W nadchodzący weekend kierowcy Porsche Supercup zmierzą się podczas ostatniej w tym roku, podwójnej rundy, w trakcie której poznamy tegorocznego mistrza. Oczywiście na starcie nie zabraknie także Roberta Lukasa, który będzie chciał podtrzymać dobrą passę z ostatnich wyścigów. Reprezentant OLIMP Motorsport będzie walczył o utrzymanie piątego miejsca w klasyfikacji kierowców.
Tor Circuit of the Americas położony w Teksasie jest dobrze znany większości zawodników Porsche Supercup, gdyż gościł on w kalendarzu podczas dwóch poprzednich edycji pucharu. Robert Lukas podczas poprzednich spotkań z tym obiektem plasował się w środku stawki, więc tegoroczne zmagania będą doskonałą okazją do powalczenia o pierwszy polski sukces na tym torze.
Nitkę Circuit of the Americas oddano do użytku w 2012 roku, kiedy to po raz pierwszy pojawiła się tam Formuła 1. Obiekt ma 5515 metrów długości i od razu wpisał się w kalendarze wielu uznanych serii wyścigowych, gdyż rokrocznie pojawiają się na nim Długodystansowe Mistrzostwa Świata, a także Moto GP. Układ toru charakteryzuje się wieloma interesującymi zakrętami, które mają stawiać przed zawodnikami jak najwięcej wyzwań. Na największa uwagę zasługuje końcowy sektor złożony z samych ciasnych łuków, w których zawsze wiele się dzieje.
Kierowcy po raz pierwszy wyjadą na tor w piątek o godzinie 23:00 czasu polskiego, kiedy odbędzie się sesja treningowa. Na sobotę zaplanowano czasówkę, która zostanie rozegrana punktualnie o godzinie 18:30 oraz pierwszy wyścig, który rozpocznie się o godz. 23:00. W niedzielę natomiast odbędzie się druga odsłona walki koło w koło – światła na polach startowych zgasną o godzinie 18:30.
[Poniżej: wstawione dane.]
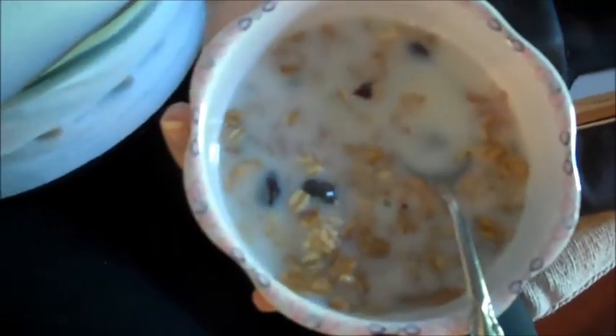Hey guys, I got my cereal here — Protein Plus and Great Grains with skim milk. It is 10 after 9. Got up late today, planned on being started by now. The dog is playing with a piece of food like it's a bug or something. Anyway, I'm going to eat this, drink some water, then drink a Coke Zero and get started.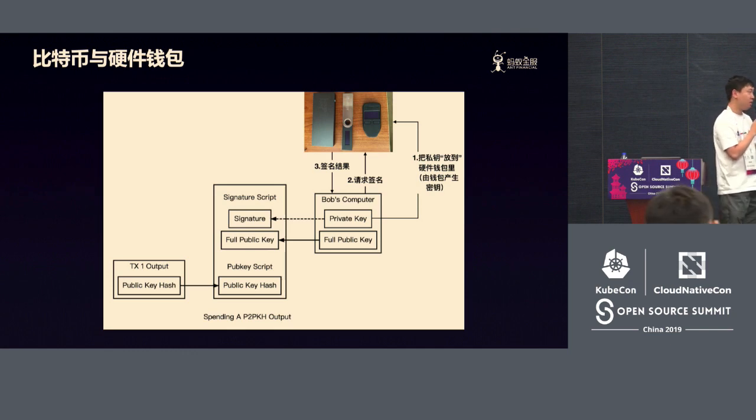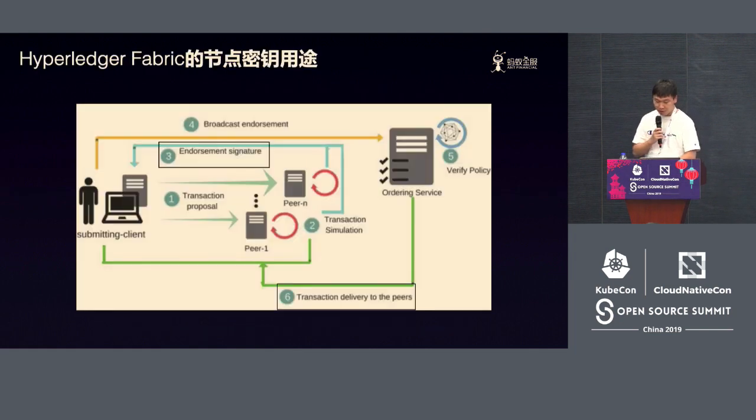There are several steps. The first step is that you need to put the private key into the wallet. More accurately, the private key will never go out of the wallet. The private key will be generated by the wallet, and when you are doing a transaction with blockchain, you need to have a signature. After you do the transaction, you send a request for signature, and internally the wallet calculates the signature. Throughout the process, Bitcoin will be in a very secure state — you don't need to worry about any theft or virus that will attack your wallet.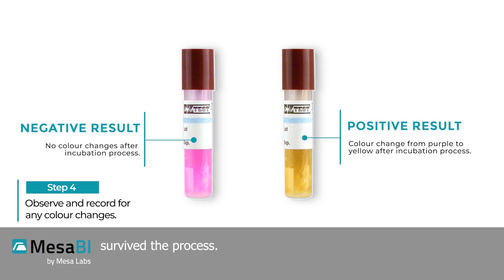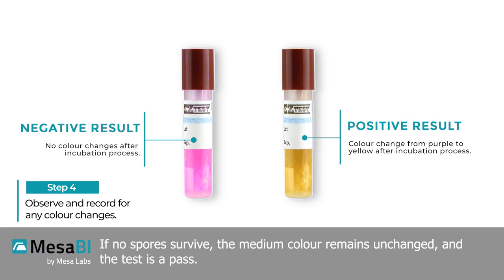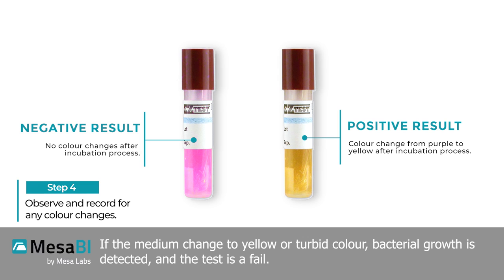If no spores survived the process, the medium color remains unchanged and the test is a pass. If the medium changes to a yellow or turbid color, bacterial growth is detected and the test is a fail.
Robert Lukas: – W Stanach Zjednoczonych na pewno damy z siebie wszystko, gdyż zajmujemy piąte miejsce w klasyfikacji i na pewno chcemy je utrzymać. Dobrze znam ten tor, więc piątkowy trening będzie stał pod znakiem przypomnienia sobie nitki i znalezienia optymalnych ustawień samochodu. Wiemy, że jesteśmy w dobrej formie, więc na pewno będziemy walczyć!